Set up a monitoring system and a mechanism to oversee it

It is not enough to set up a monitoring protocol, there needs to be a monitoring system that supports data collection, aggregation, analysis and learning. This is the conclusion of one of the experts who has worked on the AFRP in Brazil. After several years of working with the protocol, experts found that few members were collecting the data — it was too complicated and had too many indicators. A fundamental lesson learned from this process is that the monitoring system itself must have a built-in capacity to learn and adapt.

Make monitoring plans from the very beginning

Experts argue that monitoring should be the very first activity to plan during forest restoration.
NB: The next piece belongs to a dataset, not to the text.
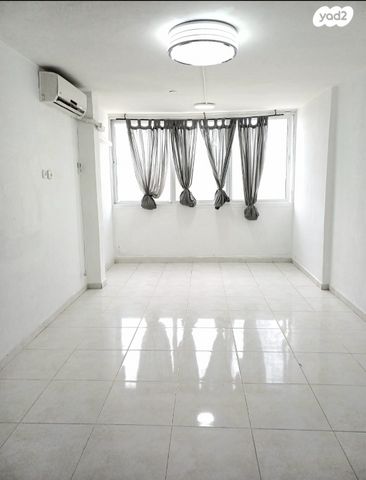 שדרות השופטים 13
And that monitoring plans should be closely linked with restoration goals and involve a range of stakeholders. The ultimate motivation for monitoring is, after all, to ascertain whether the restoration effort is proceeding well and is yielding the expected outcomes and benefits for society and the environment, and to take the necessary measures in case the system is not behaving as expected and failure is a risk if no timely action is taken.

Monitor what is important for local decision-making

Increasing forest cover is important but successful participatory monitoring systems should focus on responding quickly with information that is adequate to answer the questions and needs of local stakeholders — and not necessarily focused only on generating scientifically rigorous data. In the words of a regional manager of the CFLR program: “I’d rather collect adequate data on two or three indicators in a collaborative way with local stakeholders than ten indicators ‘scientifically’”.

Define indicators collaboratively

A scalable, multisite forest restoration monitoring initiative should have a small number of indicators shared by all sites, with the flexibility to determine other indicators to respond to local needs. Defining indicators is never easy, but when approached in a structured way and when given enough time and patience, it can be an invaluable process that also builds trust and elicits what is important to stakeholders. Instead of devising indicators at the outset, it can be more useful for local stakeholders to construct questions that ask what information is needed for decision-making to support restoration objectives.  And then pick the right indicator.

Encourage social learning and learning networks

A scalable, multisite forest restoration monitoring system should emphasize the creation of learning networks to facilitate the connection of stakeholders at multiple levels with information that they need for decision-making, while connecting stakeholders with each other to catalyze learning. Efforts and resources must be invested to create interactions among local stakeholders to share monitoring information and make decisions. Repeated interactions are more likely to generate learning, adaptive management and appropriation.

Dedicate funds for monitoring and provide appropriate local incentives

Given the relatively long timeframes for forest restoration to achieve its biodiversity and social goals, and the uncertainties and pressures facing both newly forested and historically forested areas, a scalable, multisite monitoring system will need dedicated funding for the duration of the project, and probably longer to be able to claim success and identify forest change, drivers and threats. Sufficient incentives and support can motivate local people to participate in monitoring for the long term. These include orienting the restoration activities to meet local goals and priorities, guaranteeing appropriate compensation, providing training, encouraging participation in reporting and analyzing results, and linking with and learning from other initiatives.

Scalable, multisite, participatory monitoring systems for forest restoration have a clear role to play in efforts to track progress, provide accountability and create a framework for learning and adaptation. Forest restoration planning is underway at the global level. Now is the ideal time to start talking about the crucial role of participatory monitoring so that local and global perspectives and aspirations are both taken into account.